THE WANTOK SYSTEM
PNG politics runs on wantok — literally 'one talk,' the obligation to one's language group. With over 800 languages across 10 million people, no national identity overrides clan loyalty. An MP who fails to deliver to his wantok loses the seat; one who delivers via violence keeps it.
LIMITED PREFERENTIAL VOTING
PNG uses LPV: voters rank three candidates. In districts with 20+ candidates, no one wins on first preferences. The arithmetic rewards candidates who can either deliver bloc votes from their wantok or intimidate rivals' supporters from showing up. Hiremen do both.

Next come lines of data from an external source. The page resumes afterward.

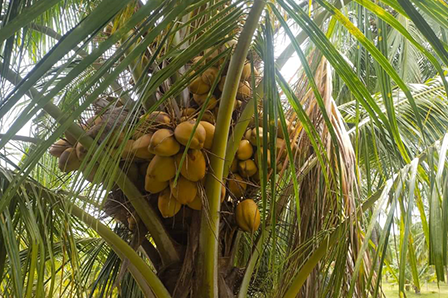 Who is The Best Tender Coconut Suppliers in Bangalore? – Coconut Mashkiri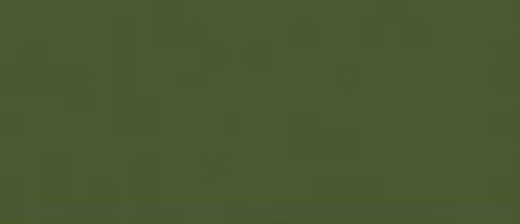 LC-UA511 Lifecolor Light Green 22ml Acrylic Paint Lifecolor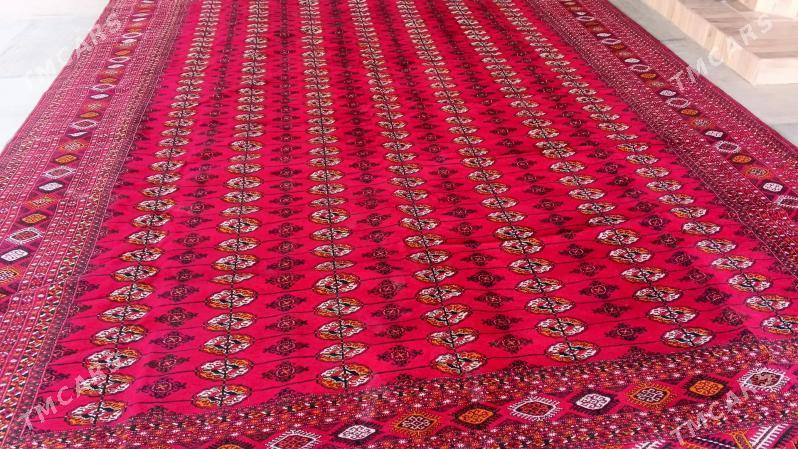 el haly - Ашхабад - img 2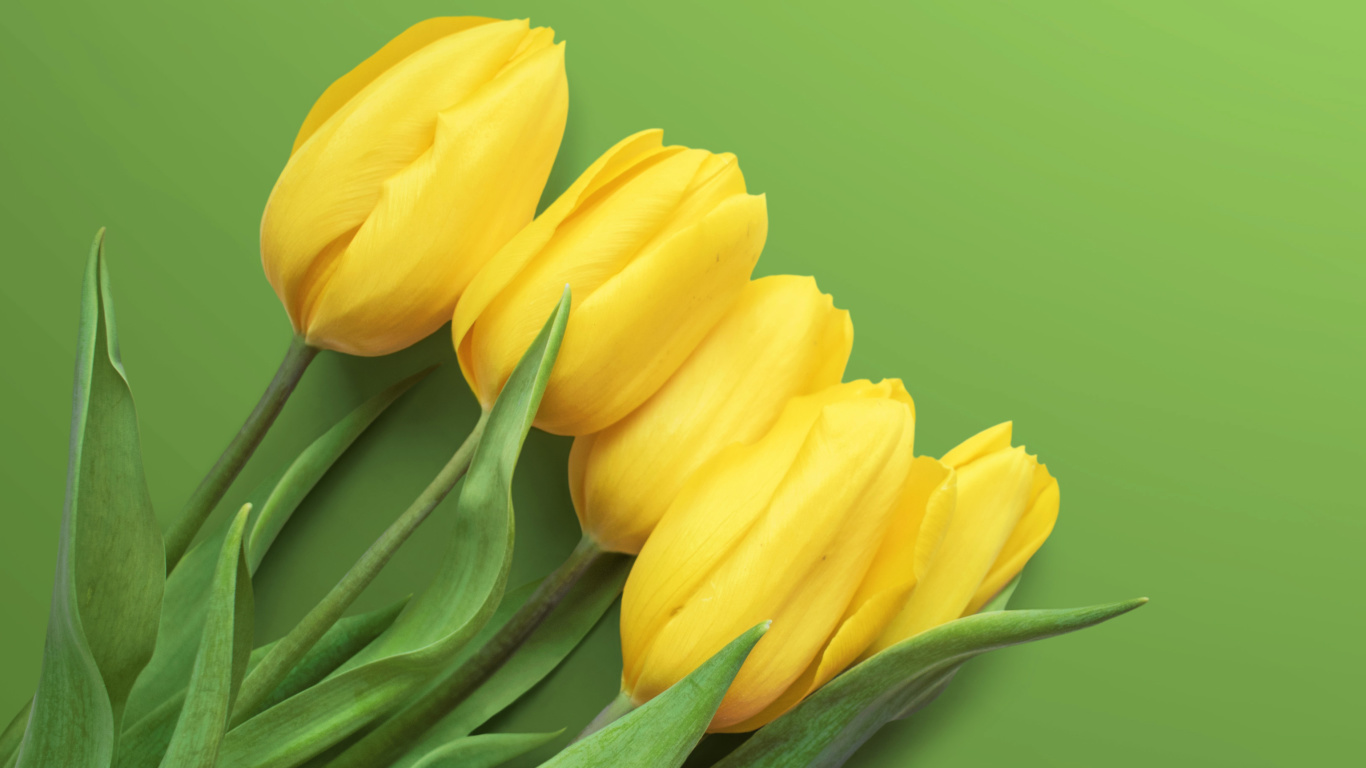 Обои Yellow Tulips 1366x768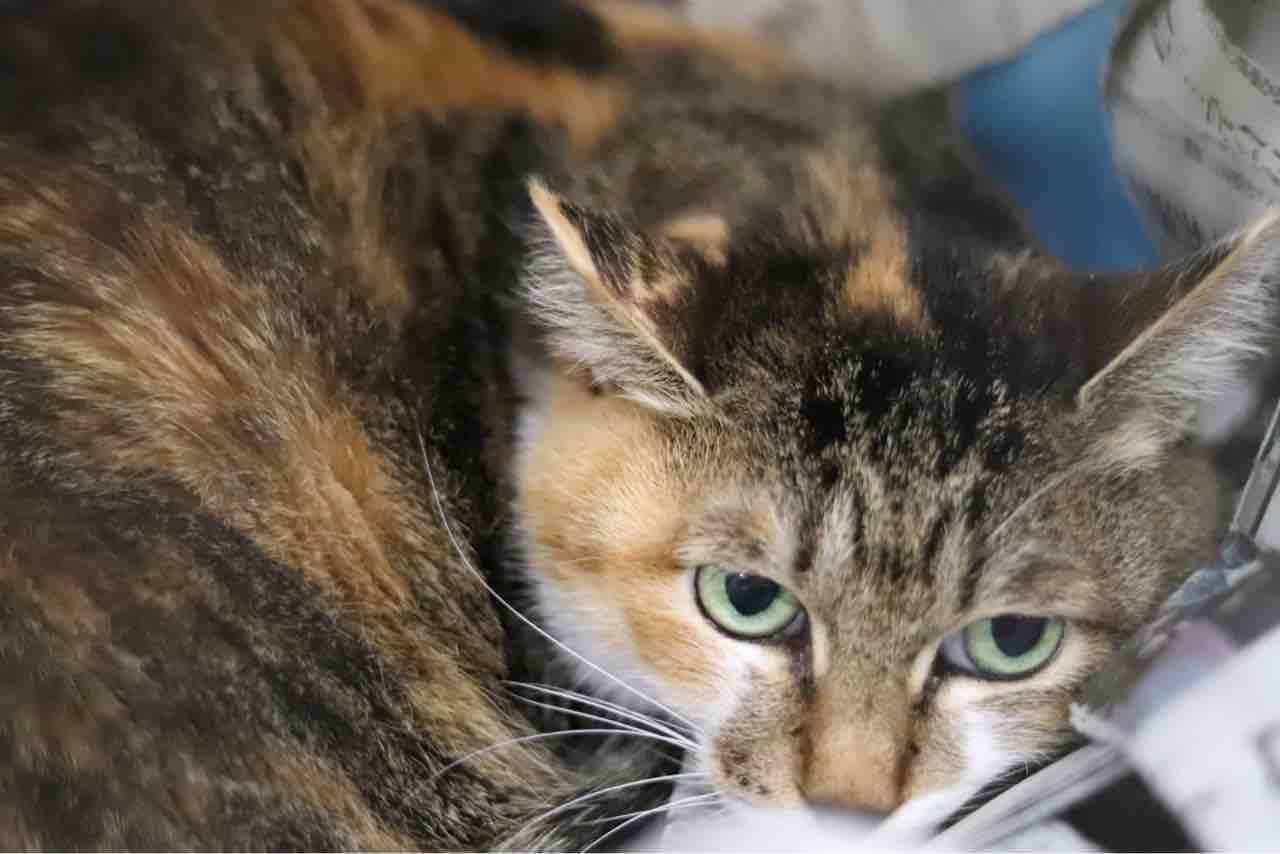 里親募集中 日本猫のマッコ Npo法人みなしご救援隊犬猫譲渡センター東京支部のblog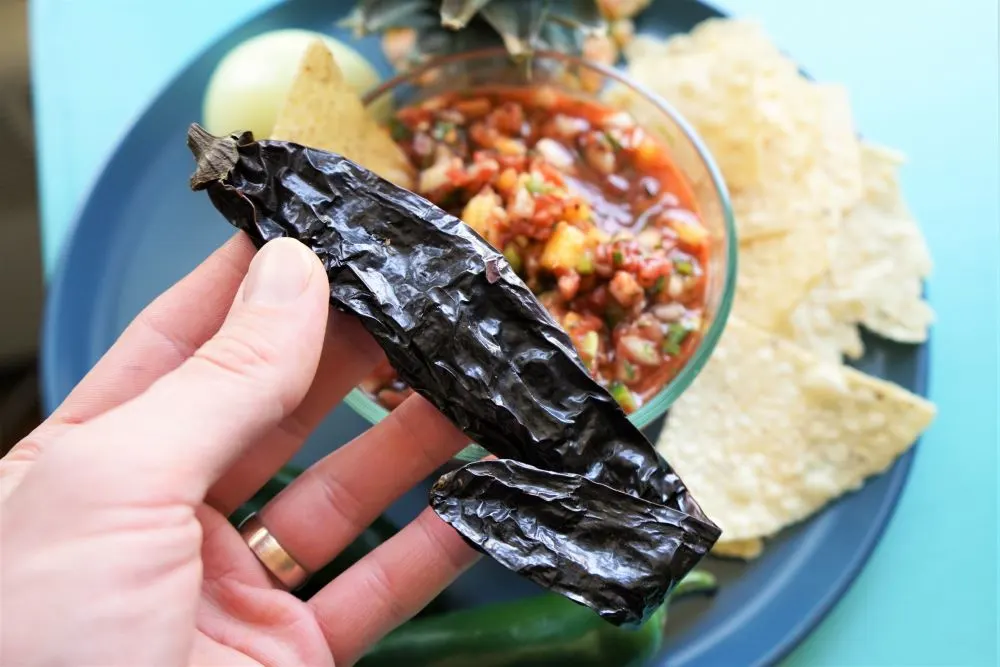 Pasilla chile pepper (dried chilaca pepper) for pineapple salsa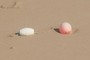 Floats of some kind?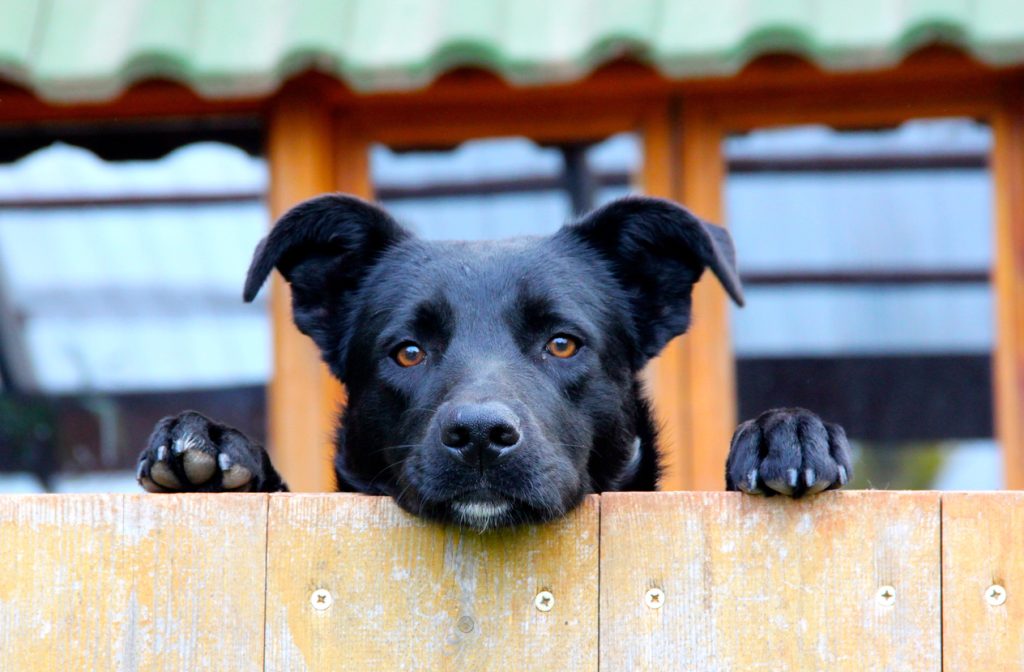 Black 6-month-old puppy looking over a wooden fence outdoors.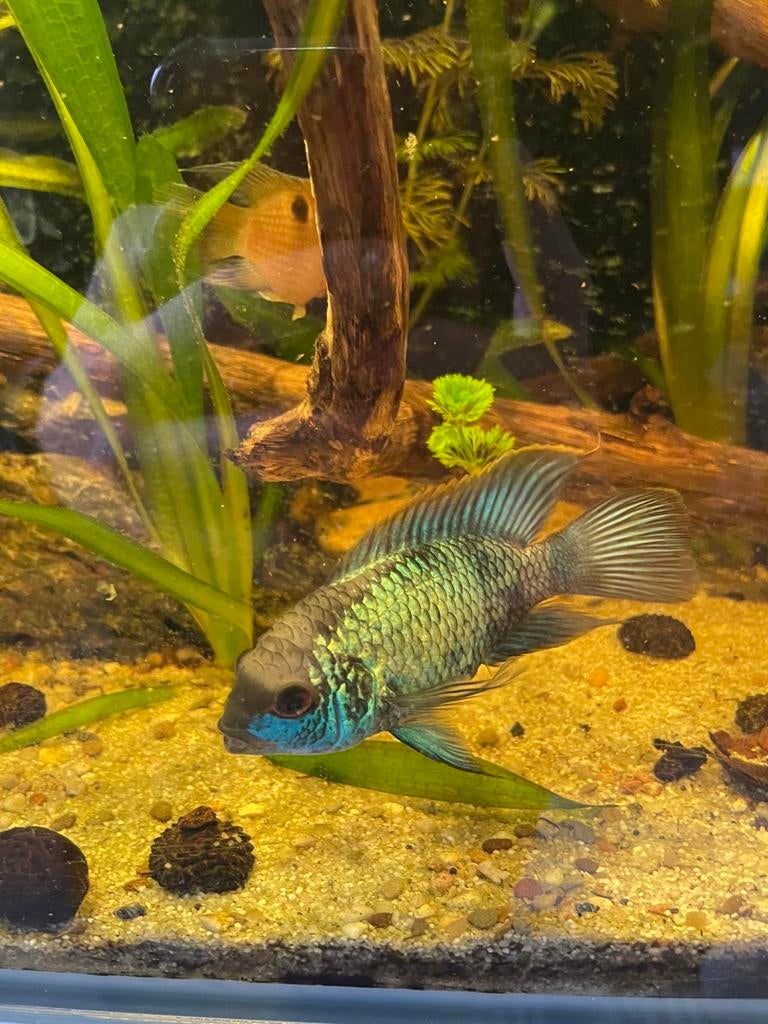 Electric blue acara, man en vrouw. KWEEKKOPPEL, Vis, Zoetwatervis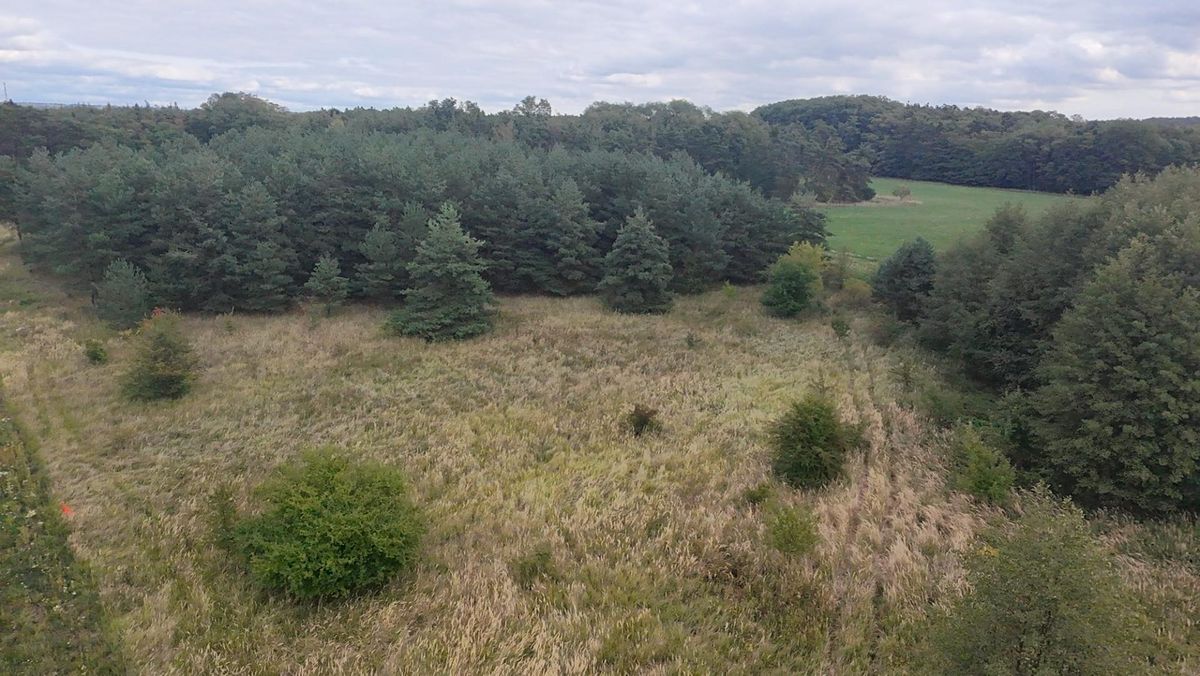 Prodej pozemku 15382 m² – fotografie 3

THE RESOURCE CURSE, LOCAL EDITION
The Highlands hold the Porgera and Ok Tedi mines and the PNG LNG project — billions in royalties flow to provincial governments and landowner companies. The cash funds patronage networks directly; mineral rents arrive in the same wallets that contract the gunmen.
FROM BOWS TO M16s
Highlands tribal fighting predates the state — payback killings between clans are centuries old. What changed in the 2000s was the weapons: assault rifles leaked from the Bougainville civil war and the Indonesian border replaced bows and axes. A feud that killed three now kills thirty.
THE ABSENT STATE
PNG has roughly one police officer per 1,100 citizens — about a third of the global median. Highlands provinces sit days from a sealed road. When the Royal PNG Constabulary cannot reach a valley, the wantok with the most rifles becomes the local government by default.
WHY REFORM IS HARD
Every PNG government since independence in 1975 has pledged to disarm the Highlands. None has. The MPs who would have to vote the budget to do it are the same patrons funding the militias — asking parliament to dismantle the system that elects it.